Keep your eyes closed when he’s standing over you with that gong thing. Jeez, my eyelids feel spring-loaded! They won’t stop fluttering. Stay shut! I’m totally messing up the meditation. OK. Where do those gong vibrations take me? Shaaam. Shaaaaam. Crap.

The process continued for about another 45 minutes, and then the whole place abruptly went silent. Just the banging of hammers and barking of dogs again.

Stay still. Keep your eyes shut. This is probably just the silent reflection time after the meditation. He’s about to tell you to start wiggling your toes and fingers. He’s about to tell you to thank yourself for taking the time to do this. He’s about to tell you that you are the universe and send you on your way. Any minute now. Aaaaany minute. Surely it can’t be that much longer. Man, my back is getting sore from lying on this wooden floor. I’ll just roll onto my side. But I’ll keep my eyes closed. I’ll stick it out. Maybe the gap will come right at the very end this time. Maybe that’s how it works with Tibetan Bowl Meditation. Any minute he’ll turn on the lights. Aaaany minute. 

But the lights stayed off. I half-opened one eye and squinted towards the mat to my left. Its occupant was still in residence. I peered around the rest of the room. Shadows of bodies lying down.

Everyone else is still here. We’re all on the same page. Or they’re just as confused as I am. Just close your eyes again. You don’t want to be that girl who bolts up 30 seconds before the leader says Namaste. Just relax. Shaaaam. Shaaaaam. Crap.

I sat up and rubbed at my back. I blinked a few times and looked around the floor.

Hmmm, that’s not Hayley. It’s a rolled-up blanket in shadow. So’s that. Wait. Wait. They’re all blankets! Everyone left already??

I stumbled out the doorway and down the stairs to where Hayley was sitting, waiting.

“How long have you been waiting for me for??” I asked.

“Forty-five minutes,” she said, “I was just about to head home and leave you a note.”

Forty-five minutes? He didn’t say anything about it being over! How did you know when it was over?”

“Just did.
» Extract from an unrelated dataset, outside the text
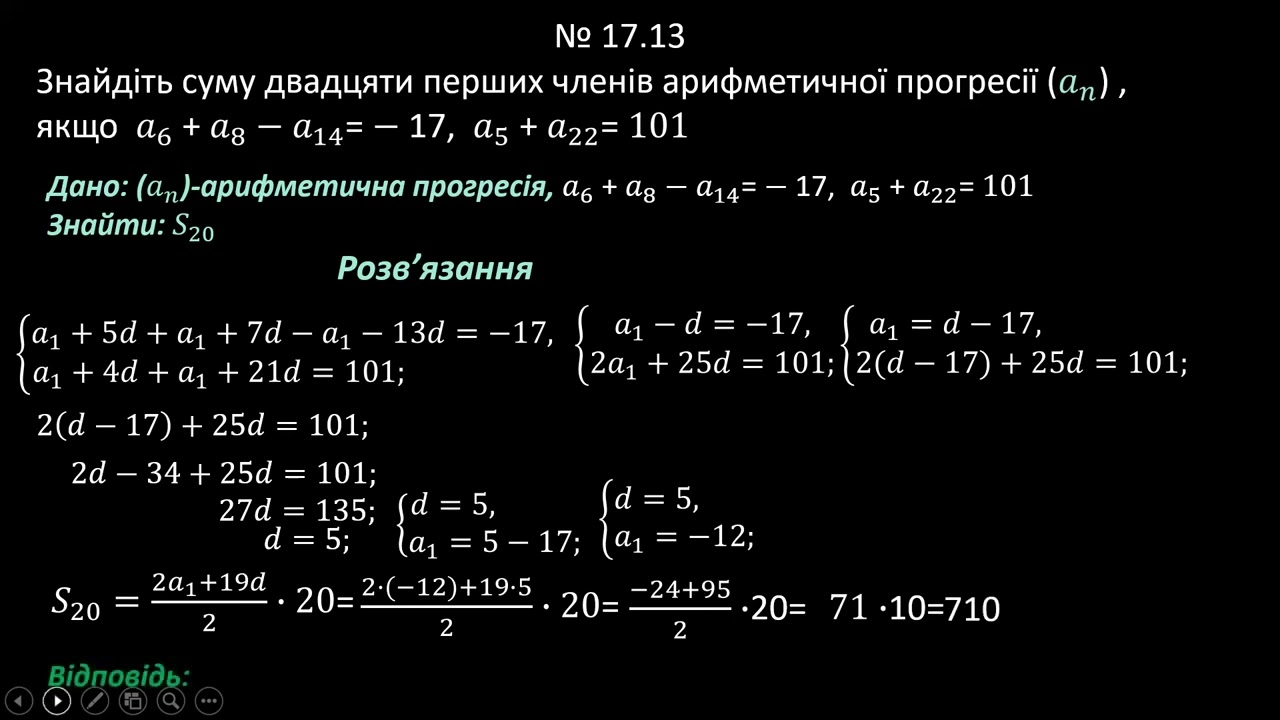 Розв'язування задач з теми 
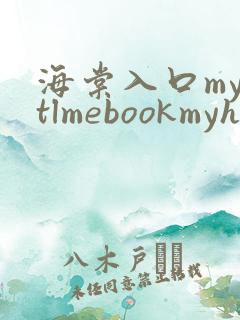 海棠入口myhtlmebookmyhtlme下载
Everyone else left at the same time as I did.”

“All 20 of them? I can’t believe he didn’t say anything!”

“Well, at least you know one thing for sure,” Hayley said brightly. “If you didn’t realize it was over, then you must have been completely relaxed: the meditation must have really worked on you.”

4 thoughts on “Mind the Gap

  1. Crap! I hate this meditation shit! I prefer wallowing in my gap……I am with you Jess!
    Love, Shirlee

    • Well actually I should point out that I have really loved the meditations I’ve done in the past 🙂 Something about this one just didn’t do it for me — between all the trying not to over-think things lately, I probably ended up over-compensating here!